Detto questo, ecco una proposta che potrebbe sembrare bizzarra, ma che in realtà trova applicazione in altre aree protette: unire le due colline con un ponte tibetano – nel suo genere sarebbe unico in Italia – che permetta così, in un unico percorso fruibile, di passare dalle attestazioni dell’archeologia mineraria a quella della preistoria e a quelle del carsismo formatosi in età cenozoica.
Il ponte si aggiungerebbe ai sei ponti tibetani più spettacolari e di forte richiamo turistico già presenti in Italia: il ponte di Cesana Claviere (Piemonte) attualmente il più lungo al mondo con 468 metri di lunghezza, 35 di altezza, quello della Luna, lungo 95 metri a 30 di altezza e quello della Gravina entrambi in Basilicata insieme ai due ponti in Veneto, quello della Valsorda lungo 52 metri, largo 70 centimetri, corrimano a 120 centimetri, a doppia percorrenza e il sentiero ferrato Ivano Dibona di soli 27 metri nello scenario delle Dolomiti e il ponte nel Cielo, in Valtellina, il più alto d’Europa 140 metrilargo un solo metro che si distende per una lunghezza di 234 metri.
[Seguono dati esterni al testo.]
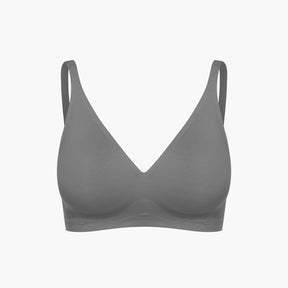 Comfort push-up bra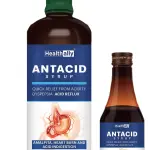 Antacid Syrup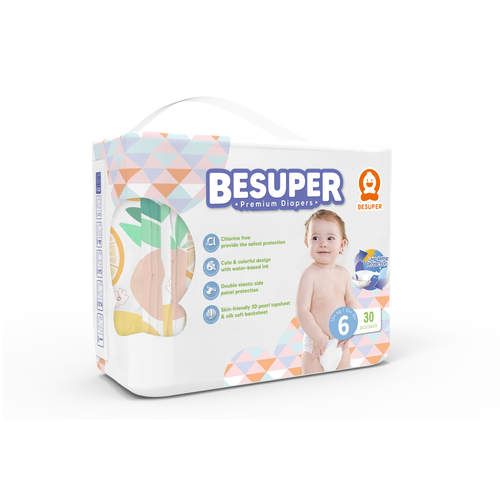 BeSuper Premium Pelene  slika 12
La Murgia di Spinazzola, nel rispetto dell’area protetta, potrebbe davvero diventare un luogo di grande attrazione e potrebbe rappresentare una significativa opportunità di sviluppo. Ovviamente non prima di procedere a riportare in luce completamente il sito dell’età del Bronzo, tutelare le incisioni rupestri, mettendo in maggiore sicurezza l’inghiottitoio, magari con la realizzazione, lungo il percorso, di un orto botanico con piante spontanee del promontorio.
Solo per fare un esempio, in Basilicata a Pietrapertosa e Castelmezzano dove si pratica “il volo dell’angelo” che unisce le due località l’esperienza suggestiva, di richiamo nazionale, si completa con escursioni storico-naturalistiche.
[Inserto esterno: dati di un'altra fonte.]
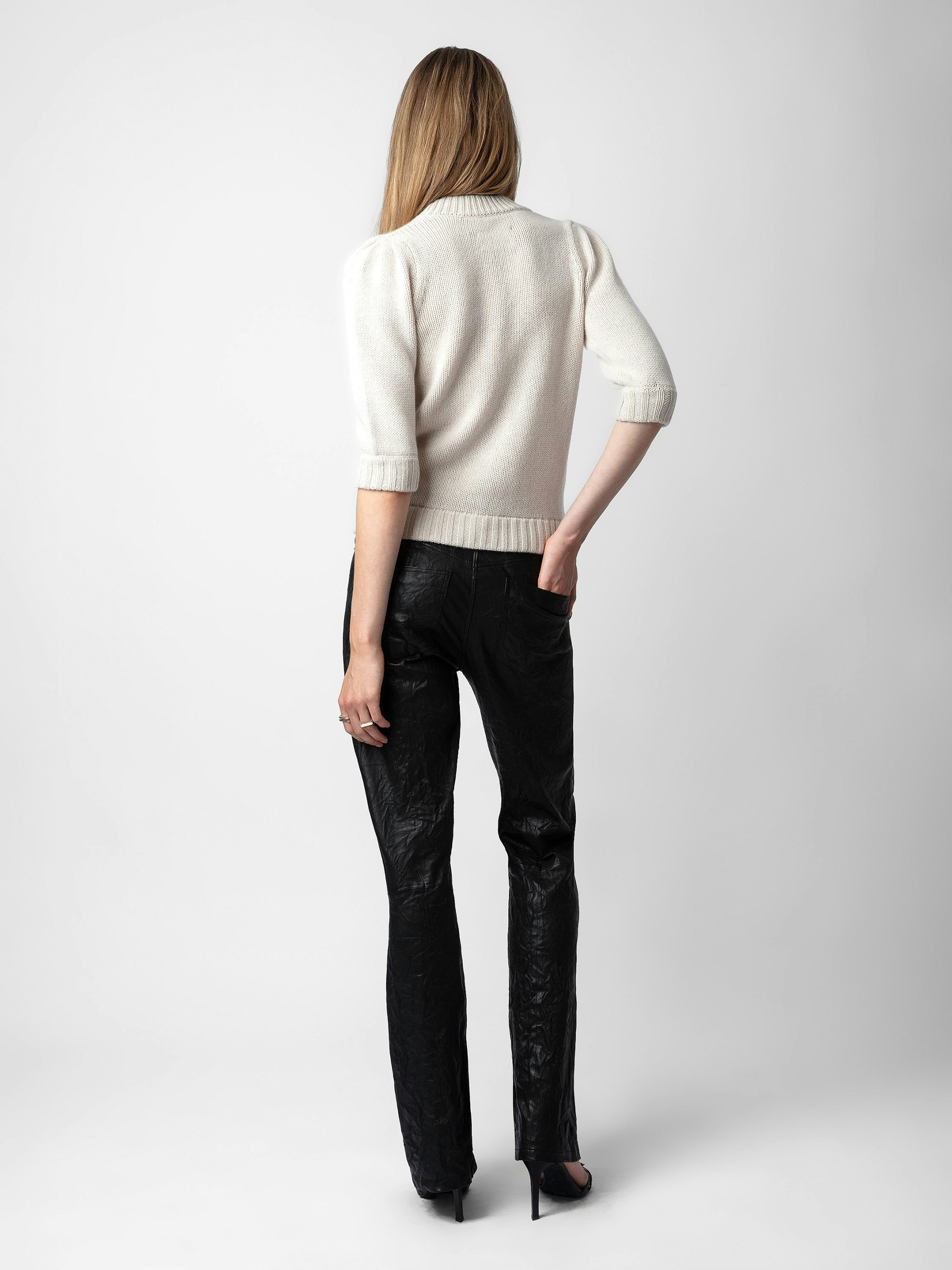Betsy Cardigan - 3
Spinazzola, Parco dell’Alta Murgia, Regione Puglia proprietaria del sito, per non restare ferme alle miniere di bauxite potrebbero attuare questo progetto, potrebbero cioè investire su ponti per sconfiggere limiti, barriere, isolamento, per la valorizzazione del territorio e del fare impresa. La speranza è che non si debbano attendere vent’anni per percepirne la portata e per riconoscere il valore e le potenzialità del territorio su cui si mettono i piedi, di quelle pietre, segni lasciati dall’uomo e dalla natura su cui guardare dall’alto.